My requirement: I want to avoid overlapping task runs of the same task in airflow 2.1.4. The following run of a task should only start, after its preceding task_run finished (successfully or error is both ok). I found this comprehensive answer, but it doesn't seem to cover my use case efficiently: https://stackoverflow.com/a/56370721/17490201

What's NOT working for me:

  1. 'depends_on_past': True because I want the following task_run to start, even if the previous one errored out.
  2. max_active_runs=1 because it's on DAG level. That means, if one single task is running unexpectedly long for whatever reason, it would delay the entire next dag_run and all of its task_runs. That's not desirable, because I don't want one single task to potentially affect all other tasks in said DAG.
  3. task_concurrency=1 per operator/task is what I want from a functional perspective, but I'd have to set it for every single operator (potentially over a hundred), which is repetitive and therefore inefficient (and annoying :P ).
  4. task_concurrency=1 set on DAG level results in an error. I was hoping, the argument was passed down to all tasks in that particular DAG.

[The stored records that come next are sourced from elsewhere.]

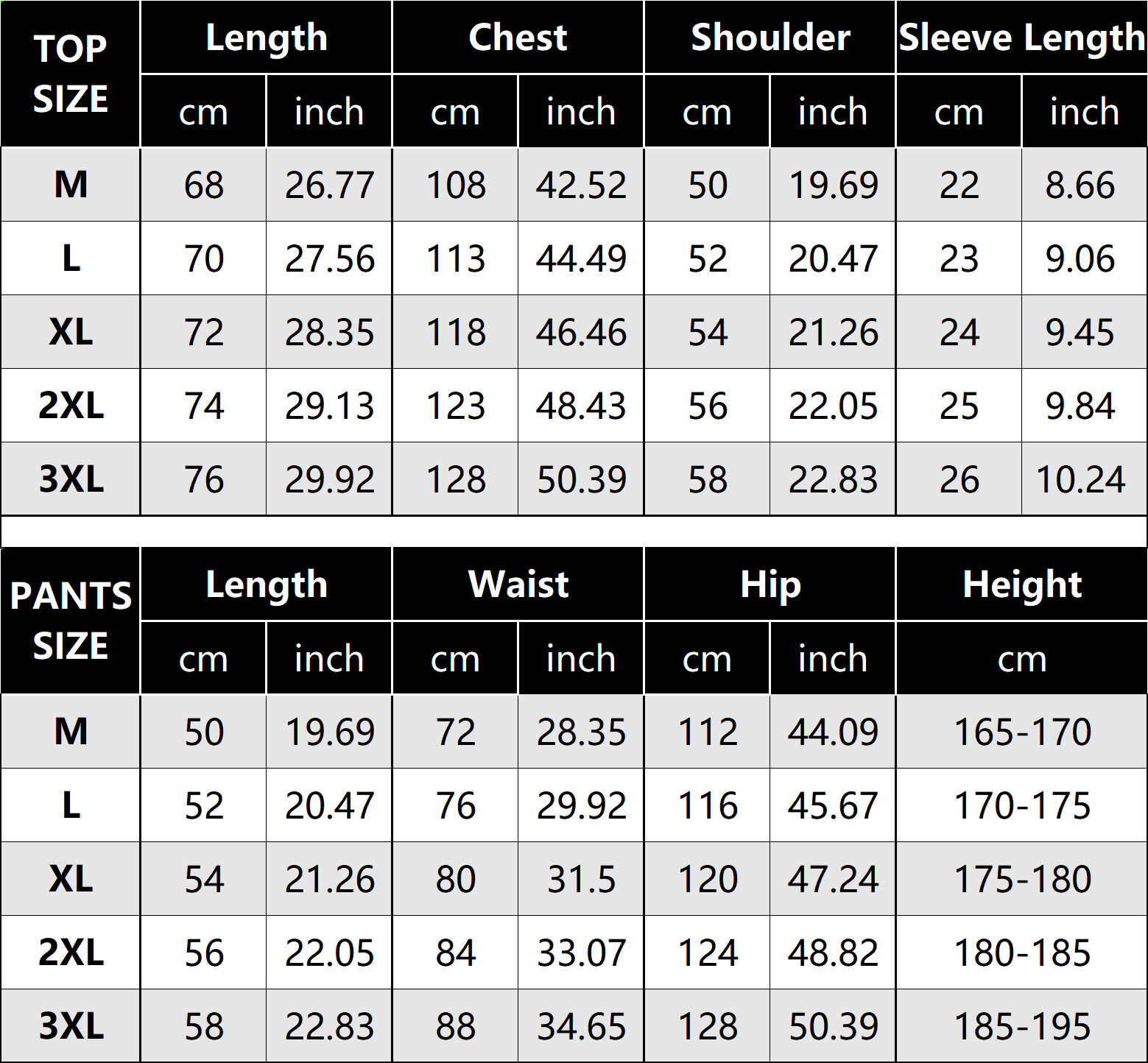 Men’s Waffle Knit T-Shirt & Shorts Sports Casual Set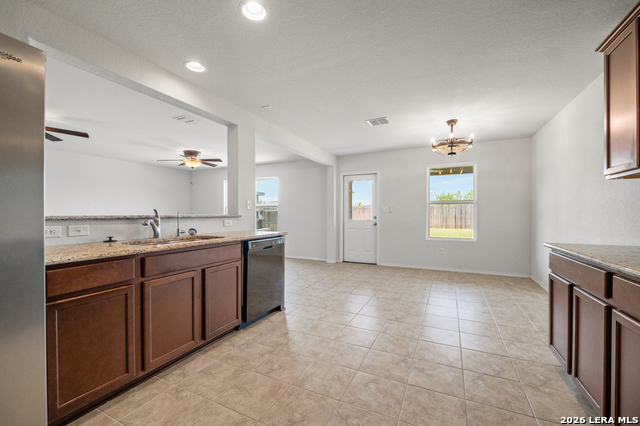 12033 Silver Lining Property Photo 9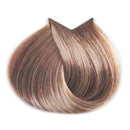 FarmaVita Life Color Plus Haarfarbe GOLD/BRAUN/BEIGE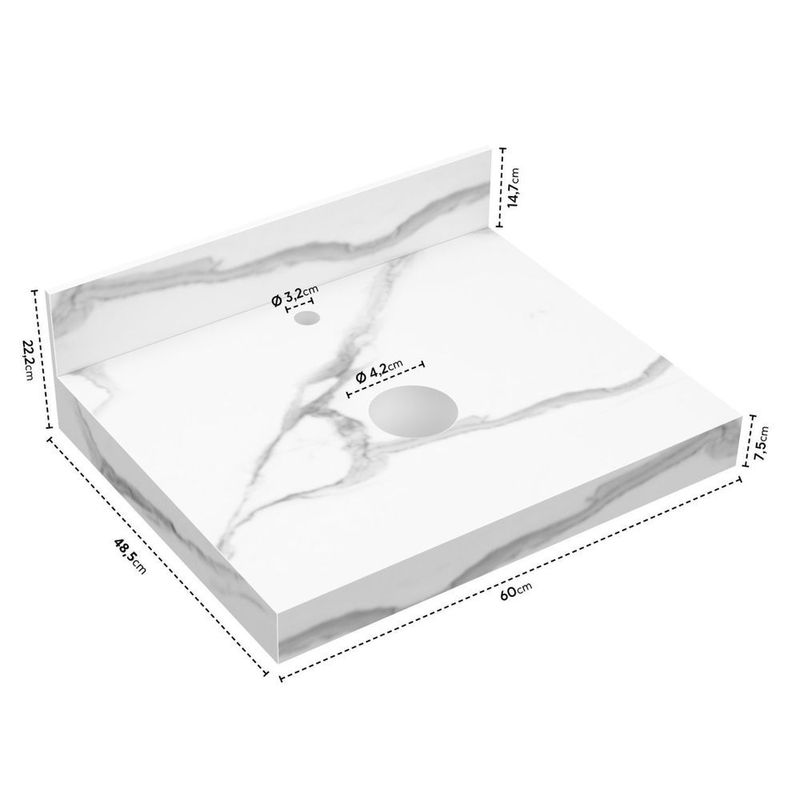 MKP000628238080-3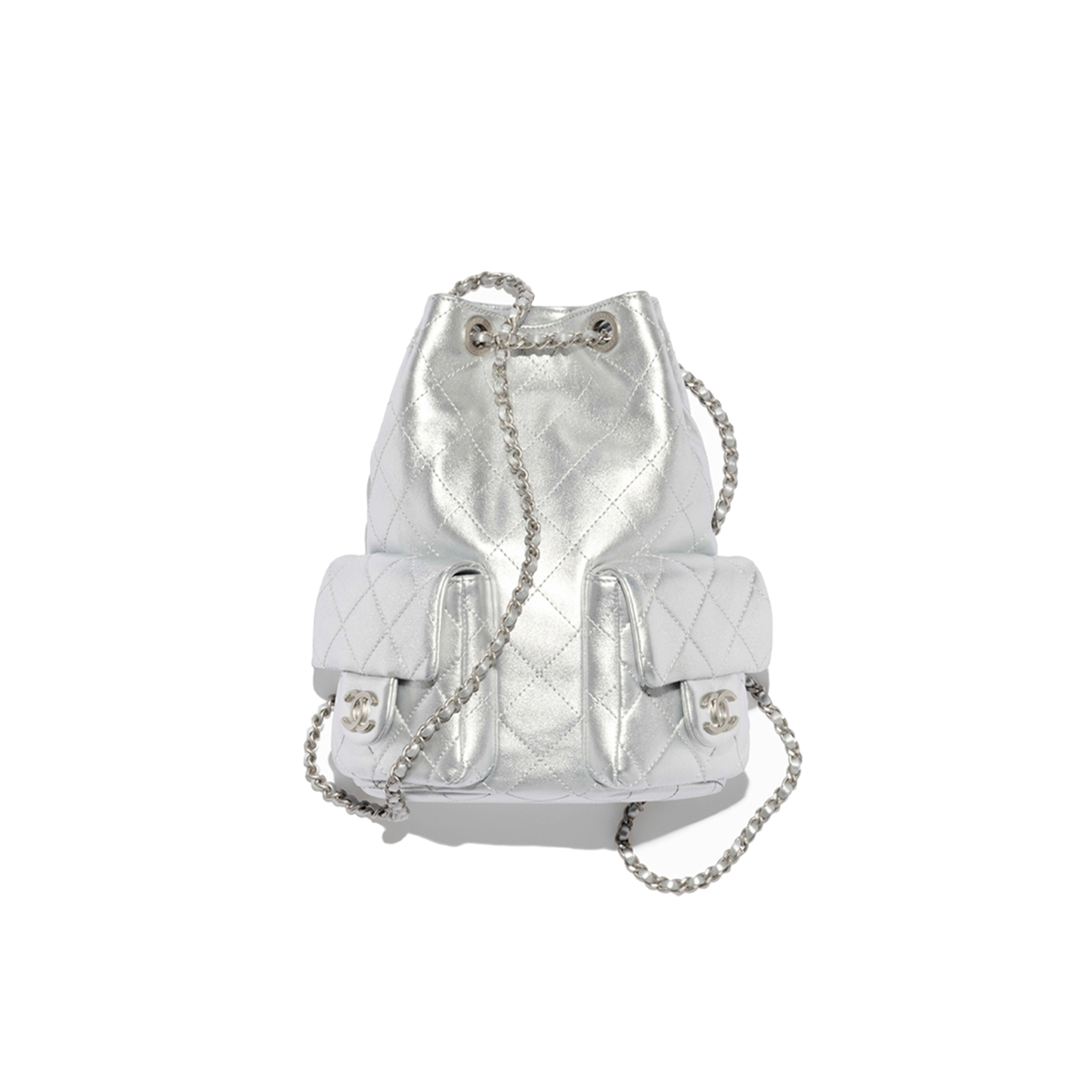 Ch*el master cruise backpack as5310 (24.3*18*7.8cm)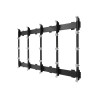 Vogel's Universal Series PLM 8030 - Componente para montaje (columna v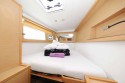 Lagoon 450 F | Czarter jachtu Chorwacja | Travelboat - 27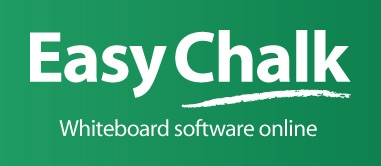Ab sofort: Boardsoftware EasyChalk startetöffentlichen Beta-Test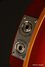 Rickenbacker 370/6 VP, Amber Fireglo: Close up - Free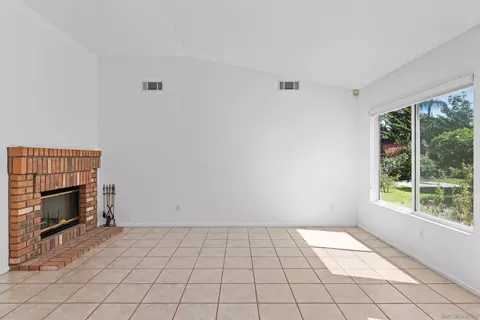Living - 5761 Spur Ave, Oceanside, CA 92057 photo 6 of 6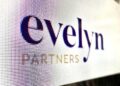 High street banking giants vie for £2.5bn wealth manager Evelyn  | Money News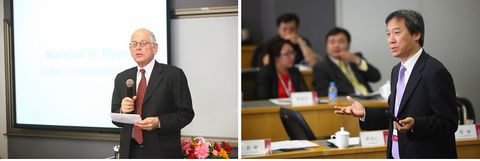 K8官网 - 天生赢家·一触即发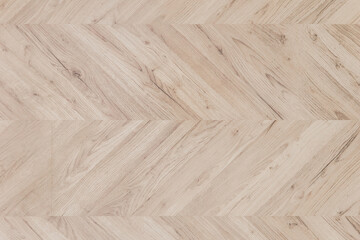 Laminate or parquet light color flooring classic abstract plank pattern texture background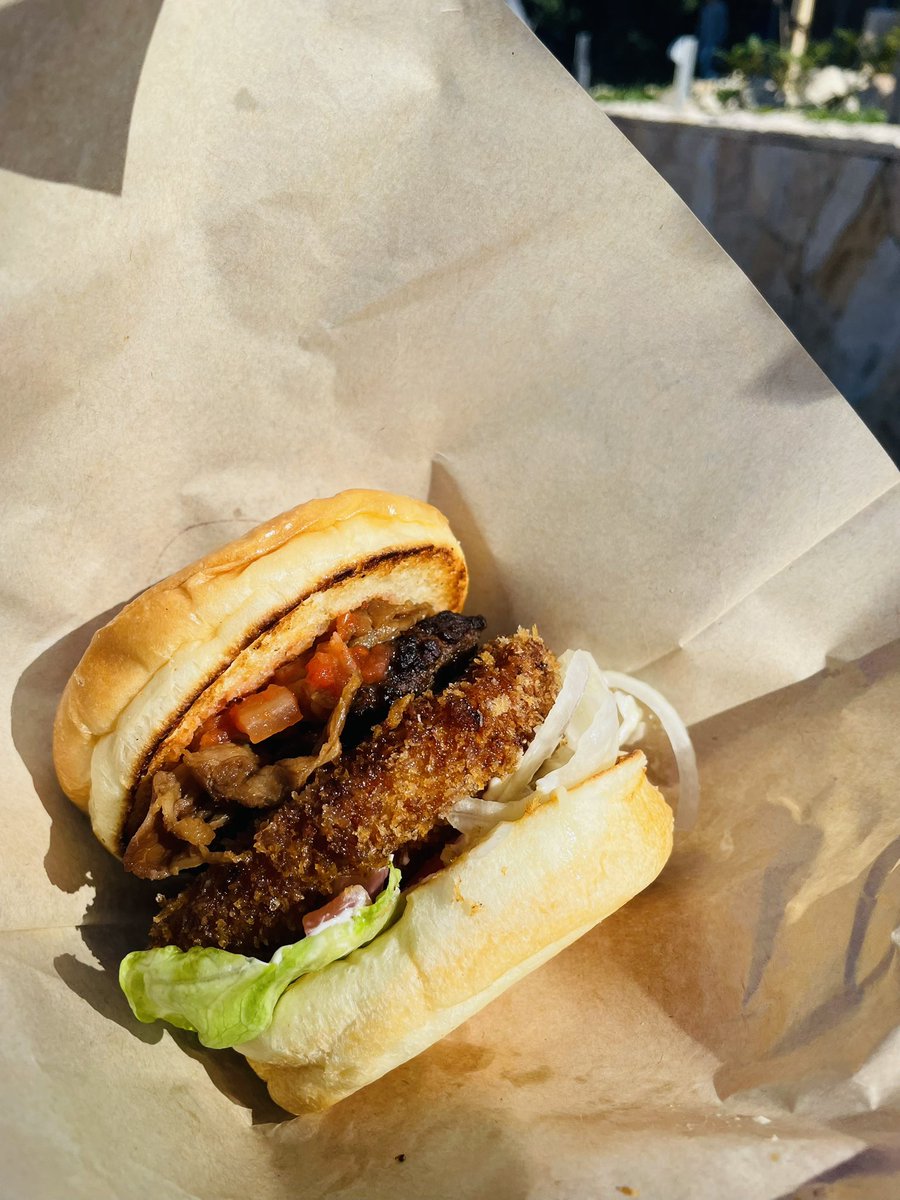 近藤公美 (FM徳島) tweet media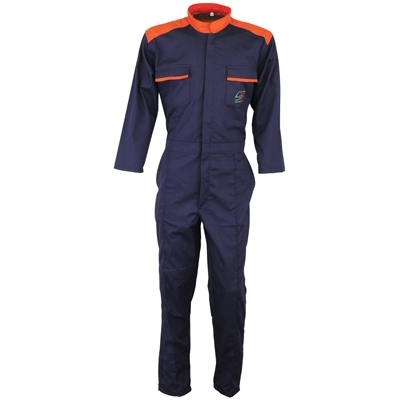 Safety Wears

Is there an elegant way to avoid overlapping taskruns without having to set/write/code it for every single operator/task?

Chris
  • 31
  • 2
  • 1
    In the 4th scenario, did you pass the parameter inside the default_args dict? – itroulli Apr 13 '22 at 09:01
  • Hi @Chris! If my answer addressed your question, consider upvoting and accepting it. If not, let me know so that the answer can be improved. Accepting an answer will help the community members with their research as well :) – Kabilan Mohanraj Apr 19 '22 at 08:47

2 Answers2

2

To set the task_concurrency parameter in every task, the default_args dictionary has to be used. Quoting from the documentation.

Rather than having to specify this(same set of default arguments) individually for every Operator, you can instead pass default_args to the DAG when you create it, and it will auto-apply them to any operator tied to it.

Please refer to the code sample below.

with DAG(
    'task_concurrency_test_dag',
    # These args will get passed on to each operator
    # You can override them on a per-task basis during operator initialization
    default_args={
        'depends_on_past': False,
        'email_on_failure': False,
        'email_on_retry': False,
        'retries': 1,
        'retry_delay': timedelta(minutes=5),
        'task_concurrency': 1,  ## Concurrency parameter
    },
    description='A simple tutorial DAG',
    schedule_interval=timedelta(days=1),
    start_date=datetime(2021, 1, 1),
    catchup=False,
    tags=['example'],
) as dag:
    ....
    ....
Kabilan Mohanraj
  • 1,856
  • 1
  • 7
  • 17
1

If I understood your request correctly, DAG(concurrency=1) is the thing you need.